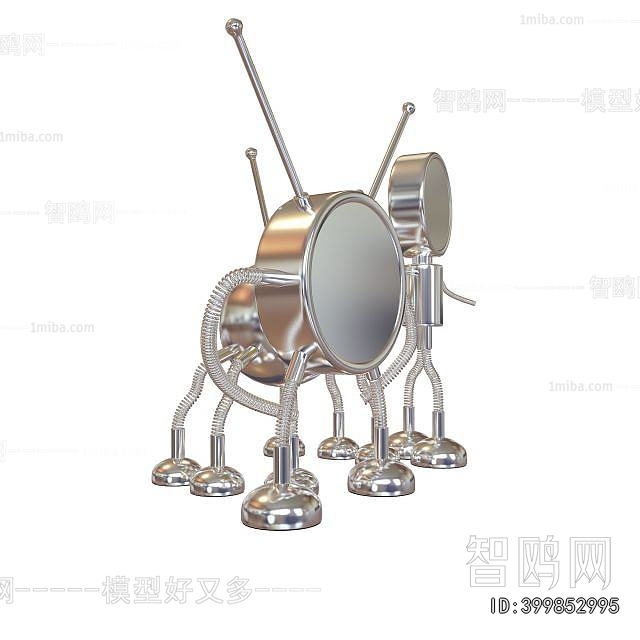 Modern Clocks And Watches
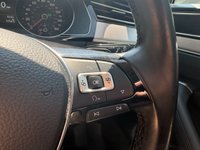 USED 2014 64 VOLKSWAGEN PASSAT 2.0 TDI BlueMotion Tech GT Estate 5dr Diesel DSG Euro 6 (s/s) (190 ps) SAT NAV DAB CRUISE GREAT MPG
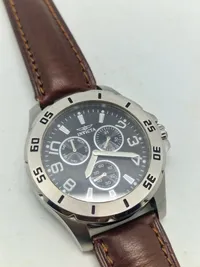 Originalt Invicta ur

## EXERCISE DIRECTIONS
Everything in the listing above must be retyped exactly, except for the pictures.

## WRITTEN REPLY
 Modern Clocks And Watches
 USED 2014 64 VOLKSWAGEN PASSAT 2.0 TDI BlueMotion Tech GT Estate 5dr Diesel DSG Euro 6 (s/s) (190 ps) SAT NAV DAB CRUISE GREAT MPG
 Originalt Invicta ur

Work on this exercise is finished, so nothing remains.